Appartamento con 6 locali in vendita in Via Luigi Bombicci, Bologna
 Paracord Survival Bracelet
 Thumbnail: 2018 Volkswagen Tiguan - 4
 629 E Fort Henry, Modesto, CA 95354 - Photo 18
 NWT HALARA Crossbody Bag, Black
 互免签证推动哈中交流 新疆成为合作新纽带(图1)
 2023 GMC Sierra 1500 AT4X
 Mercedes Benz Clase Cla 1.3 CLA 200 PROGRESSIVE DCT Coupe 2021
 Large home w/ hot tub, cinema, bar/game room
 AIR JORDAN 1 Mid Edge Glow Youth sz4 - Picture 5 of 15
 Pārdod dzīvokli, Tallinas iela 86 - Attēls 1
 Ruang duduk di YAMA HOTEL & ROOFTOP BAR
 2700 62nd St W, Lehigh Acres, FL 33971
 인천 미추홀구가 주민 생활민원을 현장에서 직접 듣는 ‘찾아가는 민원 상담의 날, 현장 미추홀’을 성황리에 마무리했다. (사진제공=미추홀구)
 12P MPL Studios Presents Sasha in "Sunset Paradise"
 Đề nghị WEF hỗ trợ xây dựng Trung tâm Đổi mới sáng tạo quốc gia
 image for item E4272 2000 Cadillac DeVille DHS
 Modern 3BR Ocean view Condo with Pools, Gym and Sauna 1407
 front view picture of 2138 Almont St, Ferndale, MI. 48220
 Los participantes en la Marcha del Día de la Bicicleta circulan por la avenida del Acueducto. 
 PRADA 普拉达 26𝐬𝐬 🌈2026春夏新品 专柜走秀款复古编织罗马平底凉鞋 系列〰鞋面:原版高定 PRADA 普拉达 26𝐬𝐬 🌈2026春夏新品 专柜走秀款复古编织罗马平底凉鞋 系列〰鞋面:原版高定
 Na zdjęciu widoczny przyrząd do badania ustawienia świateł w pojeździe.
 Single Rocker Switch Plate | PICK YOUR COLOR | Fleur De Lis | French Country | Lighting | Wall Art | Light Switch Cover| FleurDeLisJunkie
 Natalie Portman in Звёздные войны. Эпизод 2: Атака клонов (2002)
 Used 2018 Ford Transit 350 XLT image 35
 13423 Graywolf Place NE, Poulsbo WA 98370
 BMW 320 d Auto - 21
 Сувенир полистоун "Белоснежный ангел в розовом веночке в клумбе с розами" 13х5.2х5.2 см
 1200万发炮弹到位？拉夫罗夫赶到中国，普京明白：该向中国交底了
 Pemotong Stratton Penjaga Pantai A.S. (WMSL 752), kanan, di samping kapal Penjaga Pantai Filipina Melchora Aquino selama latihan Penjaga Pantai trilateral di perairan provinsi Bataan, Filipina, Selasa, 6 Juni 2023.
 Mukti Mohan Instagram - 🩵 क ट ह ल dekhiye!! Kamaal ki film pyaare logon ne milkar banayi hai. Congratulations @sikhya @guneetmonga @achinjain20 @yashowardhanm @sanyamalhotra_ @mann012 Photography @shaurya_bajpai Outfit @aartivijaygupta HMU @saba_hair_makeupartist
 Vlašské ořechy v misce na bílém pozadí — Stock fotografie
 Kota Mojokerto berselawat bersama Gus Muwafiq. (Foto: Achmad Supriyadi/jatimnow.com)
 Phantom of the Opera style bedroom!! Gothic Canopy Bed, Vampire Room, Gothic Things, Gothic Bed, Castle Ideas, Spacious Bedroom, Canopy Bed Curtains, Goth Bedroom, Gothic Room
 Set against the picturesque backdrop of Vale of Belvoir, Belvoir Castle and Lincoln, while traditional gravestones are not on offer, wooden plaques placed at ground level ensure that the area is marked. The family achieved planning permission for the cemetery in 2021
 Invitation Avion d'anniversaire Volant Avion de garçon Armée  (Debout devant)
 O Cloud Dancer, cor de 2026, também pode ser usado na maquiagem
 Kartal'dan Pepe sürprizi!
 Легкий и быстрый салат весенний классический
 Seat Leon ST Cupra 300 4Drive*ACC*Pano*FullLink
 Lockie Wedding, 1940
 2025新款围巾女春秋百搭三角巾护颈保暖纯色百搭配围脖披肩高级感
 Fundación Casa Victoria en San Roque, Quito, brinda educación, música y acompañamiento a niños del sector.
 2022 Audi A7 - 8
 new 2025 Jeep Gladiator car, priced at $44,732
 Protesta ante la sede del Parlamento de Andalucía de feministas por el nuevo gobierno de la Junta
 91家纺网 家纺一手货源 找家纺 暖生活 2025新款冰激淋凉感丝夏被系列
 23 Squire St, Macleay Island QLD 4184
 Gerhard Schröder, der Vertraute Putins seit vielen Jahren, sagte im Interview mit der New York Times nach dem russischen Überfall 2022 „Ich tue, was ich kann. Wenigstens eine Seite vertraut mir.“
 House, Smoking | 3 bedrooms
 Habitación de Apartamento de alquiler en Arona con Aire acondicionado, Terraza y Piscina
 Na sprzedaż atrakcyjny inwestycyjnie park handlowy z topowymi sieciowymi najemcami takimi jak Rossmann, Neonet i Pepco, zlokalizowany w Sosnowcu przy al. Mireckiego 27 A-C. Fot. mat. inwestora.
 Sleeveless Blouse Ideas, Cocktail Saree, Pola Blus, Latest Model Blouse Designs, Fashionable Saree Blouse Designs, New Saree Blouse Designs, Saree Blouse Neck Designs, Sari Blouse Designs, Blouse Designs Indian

■ ■ ■ ■ ■ ■ ■

PROBLEM DETAILS » Retype exactly the span of lines from the one with "BMW 320 d Auto - 21" through the one with "Pemotong Stratton Penjaga"; include both ends and omit the rest of the material.

ANSWER SECTION »
 BMW 320 d Auto - 21
 Сувенир полистоун "Белоснежный ангел в розовом веночке в клумбе с розами" 13х5.2х5.2 см
 1200万发炮弹到位？拉夫罗夫赶到中国，普京明白：该向中国交底了
 Pemotong Stratton Penjaga Pantai A.S. (WMSL 752), kanan, di samping kapal Penjaga Pantai Filipina Melchora Aquino selama latihan Penjaga Pantai trilateral di perairan provinsi Bataan, Filipina, Selasa, 6 Juni 2023.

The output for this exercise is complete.